The loss of refrigerant gas from commercial refrigeration systems is a major maintenance cost for most supermarket chains. Gas leaks can also have a detrimental effect on the environment. Existing monitoring systems maintain a constant watch for faults such as this, but often fail to detect them until major damage has been caused. This paper describes a system which uses real-world data received at a central alarm monitoring centre to predict the occurrence of gas leaks. Evolutionary algorithms are used to breed neural networks which achieve usefully high accuracies given limited training data.

1. INTRODUCTION

In recent years, large supermarket chains in the UK have become increasingly aware of refrigeration systems in their stores. This has happened for a number of reasons, most notably because refrigeration is one of the largest costs when setting up and running a store and there are a number of ways in which the associated systems can be optimised to save money. Now, with the added pressures placed upon those who operate commercial refrigeration systems by environmental legislation, such as the Kyoto and Montreal protocols and ever increasing energy costs, the optimisation of refrigeration systems is more important than ever. See [1] for a more detailed review of this.

Individual cabinets and cold-rooms within a typical UK supermarket are part of a complex system of interdependent items of machinery, electronic and computer control units and many hundreds of metres of pipe-work and cabling.

Unlike the small, sealed refrigerators which can be found in most of our homes, the refrigeration systems to be found in supermarkets are fed with refrigerant via a network of piping which runs under the floor of the store. Refrigerant is allowed to evaporate within cabinets to absorb heat, and the resulting hot gas is then pumped to condensers outside the store. Large electrically powered compressors, situated away from the shop floor, are used to facilitate this.

As might be expected, the presence of refrigerant gas in this large, complex mechanical system inevitably leads to the occasional leak. A larger supermarket will have around 100 individual cooled cases and the associated refrigeration system can hold around 800kg of refrigerant. Refrigerant costs around £15 per kilogram and can have detrimental effects if leaked into the atmosphere. It is therefore imperative that leaks from refrigeration systems be minimised, both from financial and environmental points of view.

JTL Systems Ltd (www.jtl.co.uk) manufacture advanced electronic controllers which control and co-ordinate refrigeration systems in supermarkets. These systems, as well as controlling cabinet temperature, gather data on various parameters of the store-wide refrigeration system. These data are used to optimise the operation of machinery and schedule defrosts, whilst also being used to generate alarms.
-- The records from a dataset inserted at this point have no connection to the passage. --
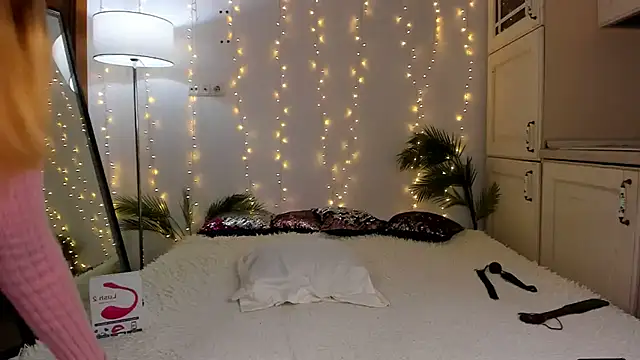 Snapshot of SonyaBabyn chatting on 12/26/24, 12:27 SonyaBabyn online show from 12/26/24, 12:27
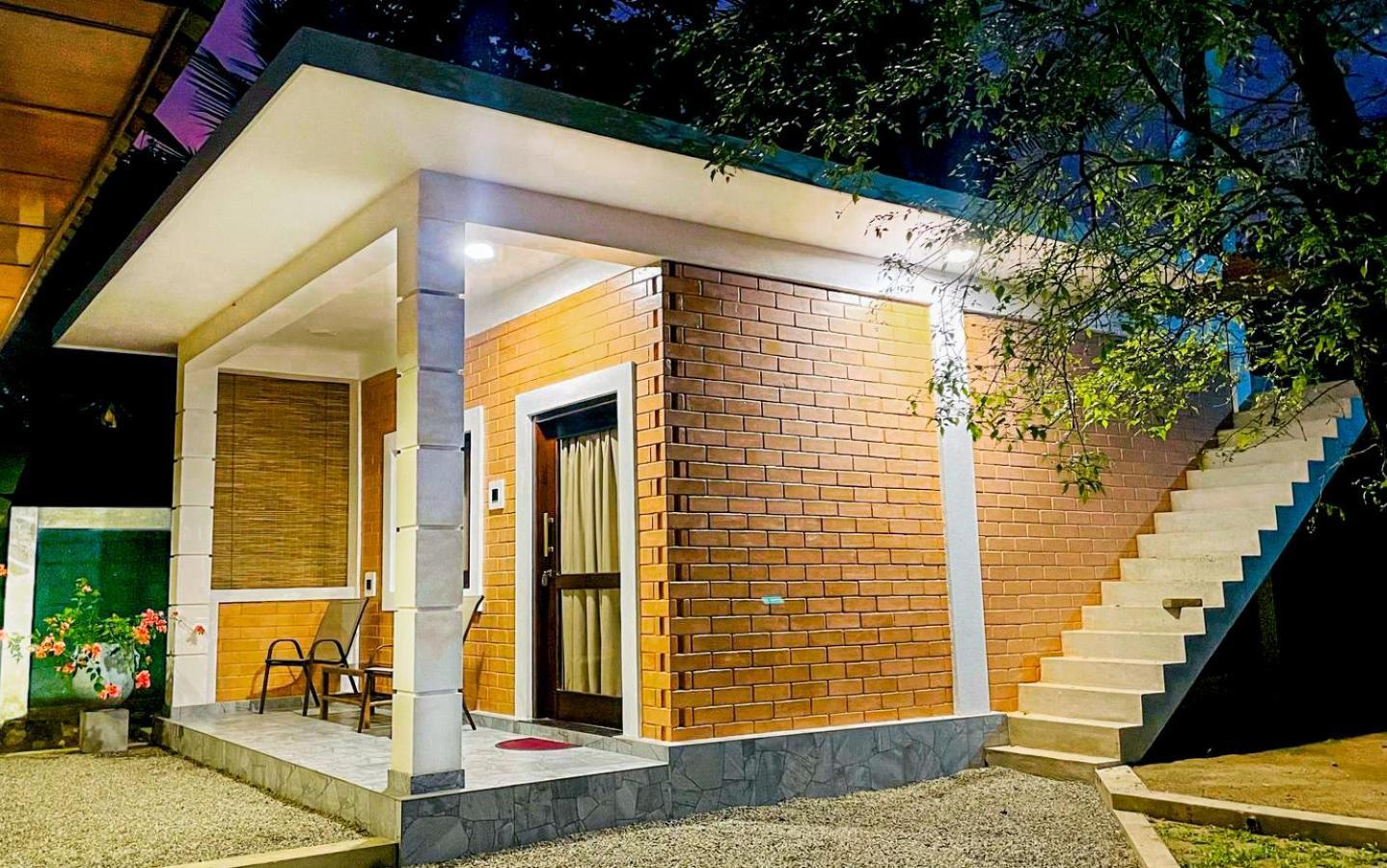 Airport Eco Cottage Катунаяка Экстерьер фото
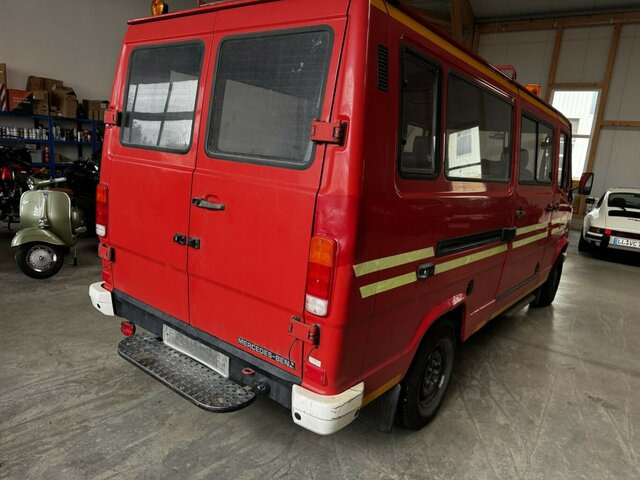 MERCEDES-BENZ T1 310 D Bremer Kombi Feuerwehr1. Hand... - Minibus, Putnički kombi: slika 5 MERCEDES-BENZ T1 310 D Bremer Kombi Feuerwehr1. Hand... - Minibus, Putnički kombi: slika 5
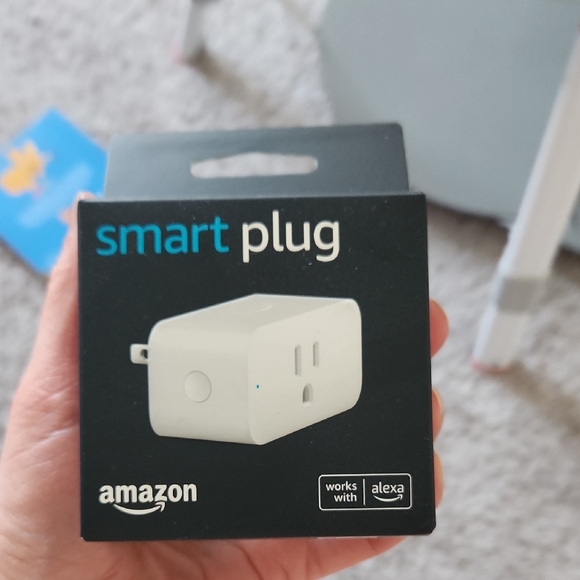 Amazon Smart Plug - Picture 1 of 2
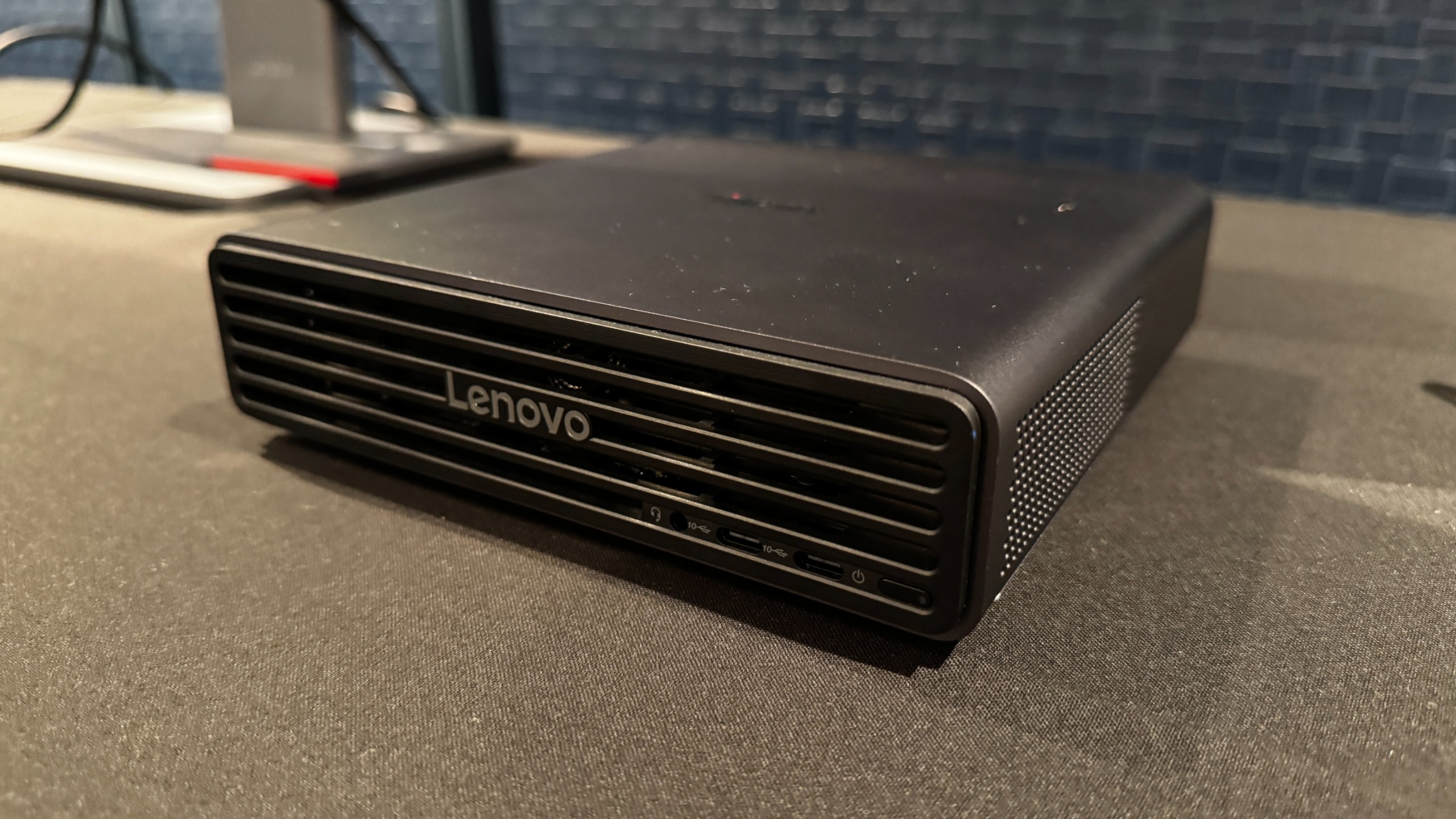 نمای داخلی از ماژول‌های حافظه و شتاب‌دهنده‌های مایع‌خنک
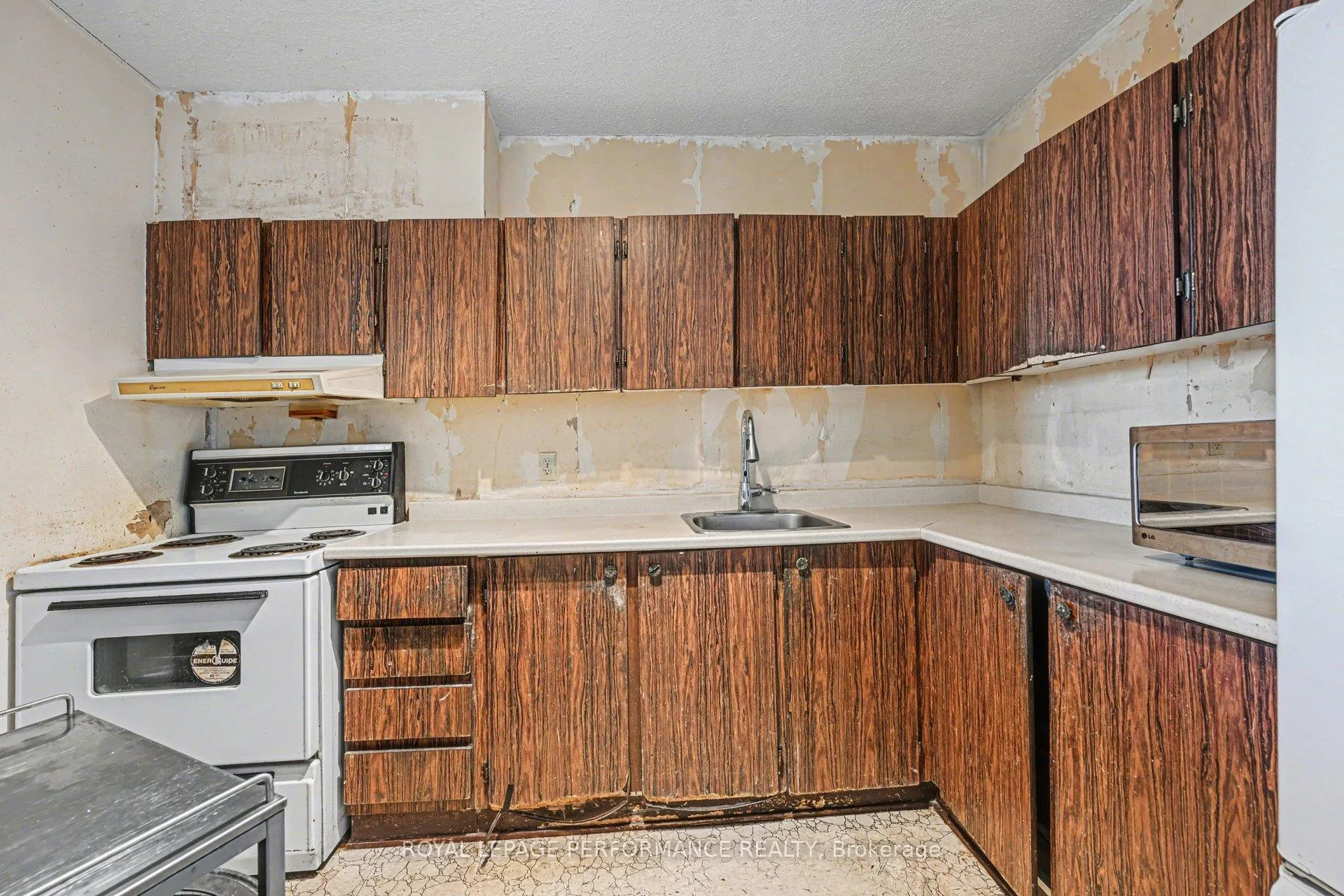 Photo 11 of Unit 610, 900 Dynes Road, Ottawa, Carleton Square — HOMEH
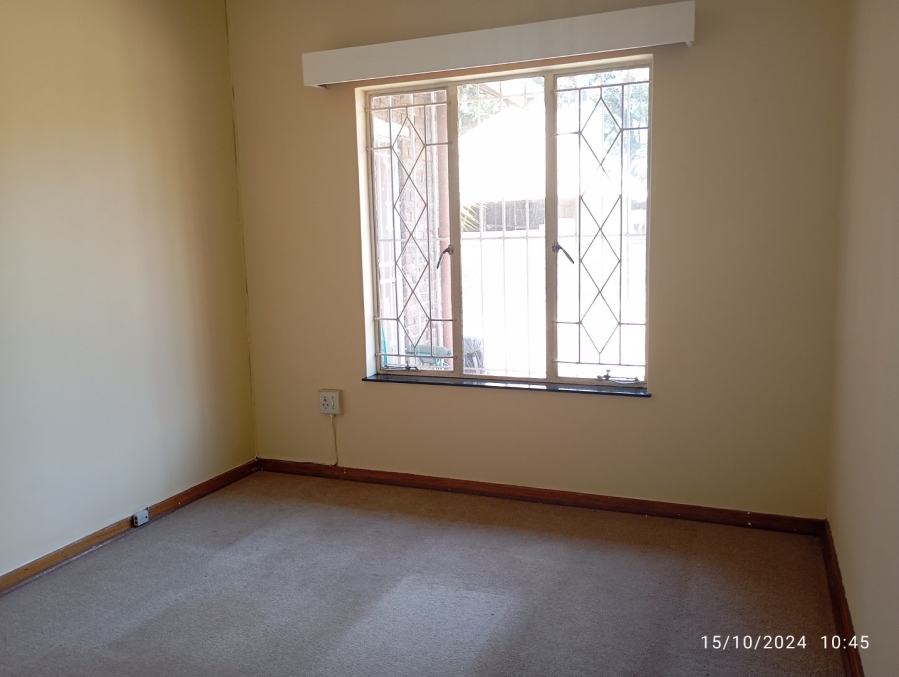 To Let 5 Bedroom Property for Rent in Glen Marais Gauteng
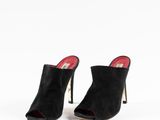 une paire de mules en daim noir à talon doré
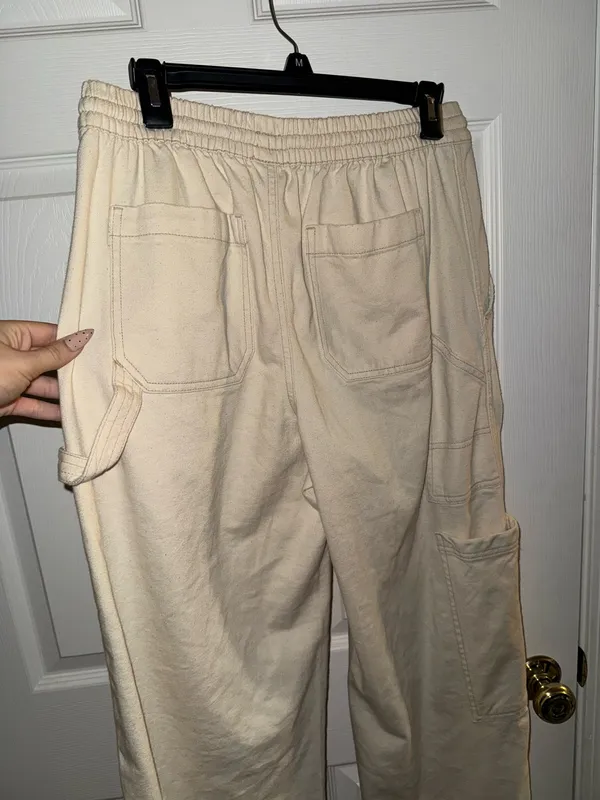 Aerie Cream Cargo Pants - Image 4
Alarms are essentially warnings of adverse conditions in equipment. Alarms are transmitted, via a modem link, to a central monitoring centre. At this monitoring centre, trained operators watch for serious events and call the appropriate store staff or maintenance personnel to avert situations where stock may be endangered.

Gas losses have been highlighted by JTL and their customers (major supermarket chains) as a very important area in which to concentrate resources. There are essentially two types of gas leak:

·  Fast: Equivalent to a burst tyre on a car: a large crack or hole in piping or machinery causes gas to be lost quickly and the refrigeration system to be immediately impaired. Fast leaks can be detected immediately at the JTL monitoring centre and the appropriate action taken.

·  Slow: Equivalent to a slow puncture: gas slowly leaks from the system causing a seemingly unrelated series of alarms and alterations in the performance of the system. This type of leak is more frequent and can be much harder to detect. JTL’s customers tend to lose more money through slow leaks than through fast leaks.

This paper details work undertaken to develop systems which use alarm data, gathered from refrigeration systems in supermarkets, to predict/detect the occurrence of slow gas leaks. There is a clear commercial requirement for such a system as it will allow pre-emptive maintenance to be scheduled, thus minimising the amount of gas allowed to leak from the system.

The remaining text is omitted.